The public has done an excellent job identifying the state’s substantial transportation needs. In Londonderry, I heard about the need to finish Interstate 93 and develop Pettengill Road south of Manchester-Boston Regional Airport. In Hooksett, residents shared important traffic and safety concerns on major state roads going through town. In Manchester, I heard about the need to reconstruct Exits 6 and 7 on Interstate 293 and for the state to invest more in mass transit. There’s widespread concern about delays to the Route 101 widening project in Bedford. In Loudon, residents made a compelling case for safety upgrades on the Route 106 corridor and the expansion of the Bow-Concord stretch of I-93.
Statewide, there are nearly 500 red-list bridges and 5,000 miles of state roadway to repair and maintain, not to mention a backlog of important new road projects that are languishing on the shelf.
Some communities are underserved by transit, and the overall network lacks connectivity for many people and economic centers.
Transportation projects are economic generators, infusing our state with much-needed construction jobs and lasting economic, public safety and quality-of-life benefits.
The I-93 widening project, currently under way from Windham to the Massachusetts border, is the state’s most critical one. This artery is a lifeline for our economy, but the state is still $250 million short of completing the project. If left unfinished, an inadequate I-93 will be a detriment to New Hampshire motorists and our economic fortunes.
Finding money for new projects is particularly challenging because of years of flat federal transportation aid and the shrinking purchasing power of our state’s gas tax.
Unless something changes, we will not have the capacity to look far beyond I-93 and basic maintenance over the next decade.
Guided by metrics on condition, safety, mobility and economic impact, the council is working with the Department of Transportation to finalize a plan that prioritizes our many local, regional and statewide needs. This will have to be done within the confines of current funding realities and will be sent to the governor and Legislature for their consideration next year. At that point, it will be up to legislative leaders to have a full discussion about whether the 10-year plan is adequate in terms of its breadth and scale.

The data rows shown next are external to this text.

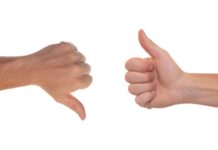 Students weigh benefits of using Rate My Professors One hand giving thumbs down, other hand giving thumbs up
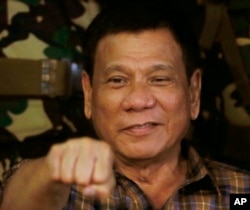 Philippine President Rodrigo Duterte, sen in this Aug. 25, 2016, gestures with a fist bump during his visit to the Philippine Army's Camp Mateo Capinpin at Tanay township, Rizal province east of Manila, Philippines. The Philippine president has apologized Philippine President Rodrigo Duterte gestures during his visit to the Philippine Army's Camp Mateo Capinpin at Tanay township, Rizal province east of Manila, Philippines.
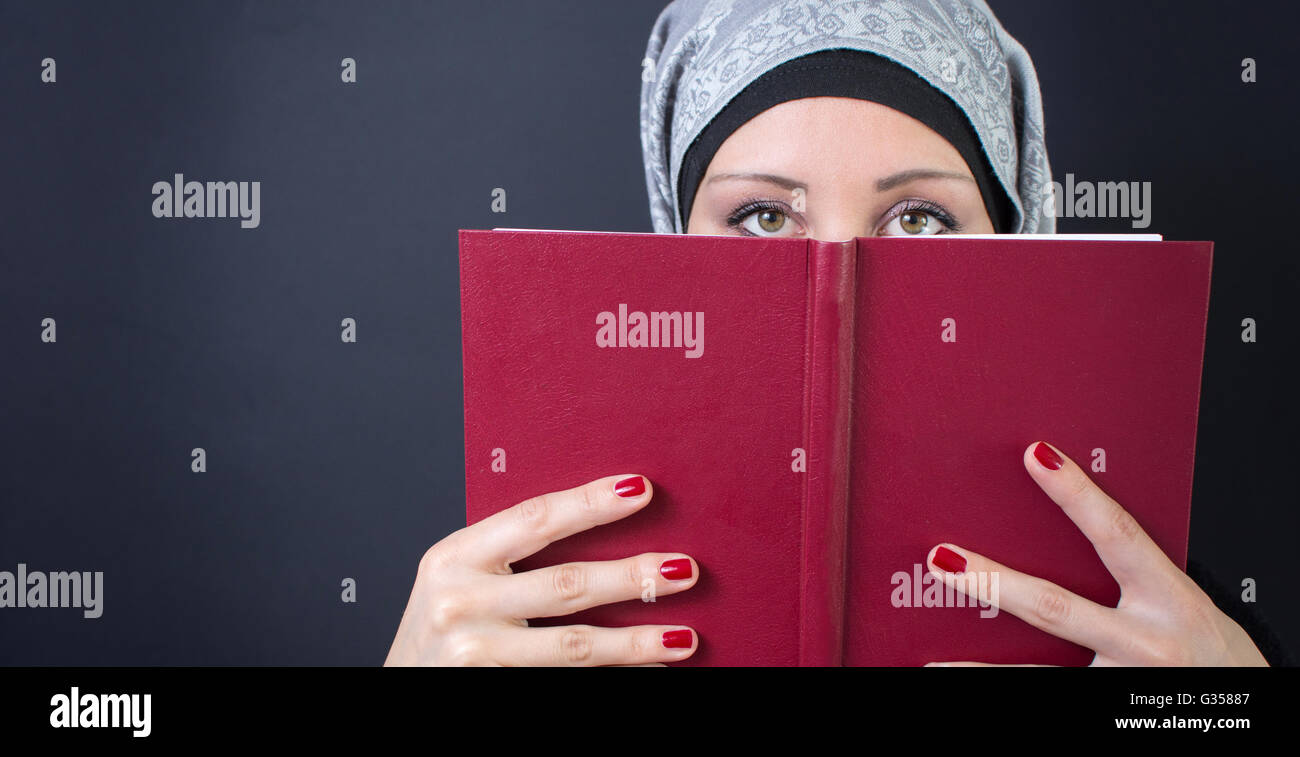 Jeune femme musulmane tenant un livre Banque D'Images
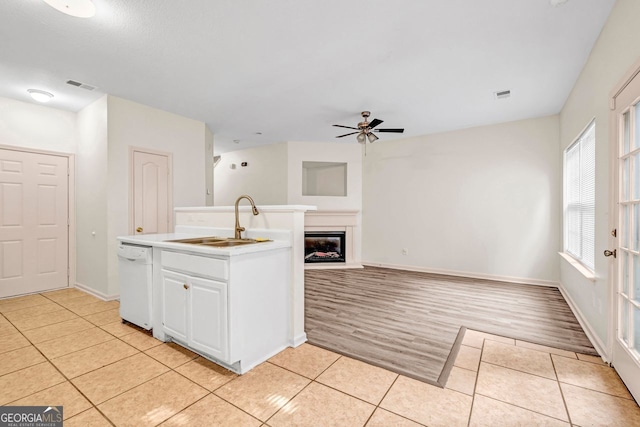 kitchen with light hardwood / wood-style floors, sink, ceiling fan, white cabinets, and dishwasher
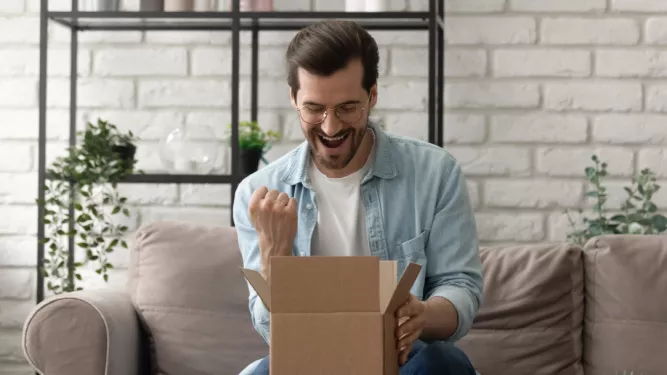 Um homem de óculos e barba, vestindo uma camisa azul clara sobre uma camiseta branca, está sentado em um sofá em frente a uma caixa de papelão aberta, parecendo animado e cerrando o punho em triunfo. Prateleiras com plantas e decoração ficam ao fundo.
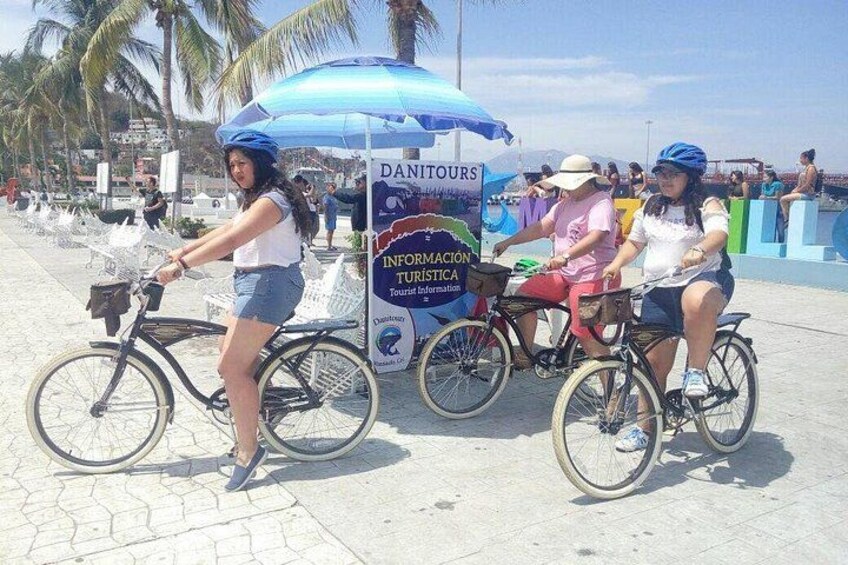 Three people on bicycles near a blue umbrella and a sign that reads 'DANITOURS.' 2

If they have listened to what the public has said at the Executive Council’s hearings and the data provided by DOT, they will know that we run the risk of shortchanging communities and our future if we do not expand the scope of this plan.
New Hampshire must develop a 21st-century, intermodal system of transportation that connects our people and our economy. Currently, we are struggling to simply patch up the one we inherited from last century. This 10-year plan should not be a catalog of projects that will never be initiated; it must be a road map for long-term success.
If the legislative and executive branches can set aside ideology and assemble a robust and responsible plan, I’m confident New Hampshire’s future as a place to live, work, and do business will be better than ever.
(Executive Councilor Chris Pappas is a Democrat from Manchester. His district includes the local communities of Allenstown, Bow, Chichester, Deerfield, Epsom, Hooksett, Loudon, Northwood, Pembroke, and Pittsfield.)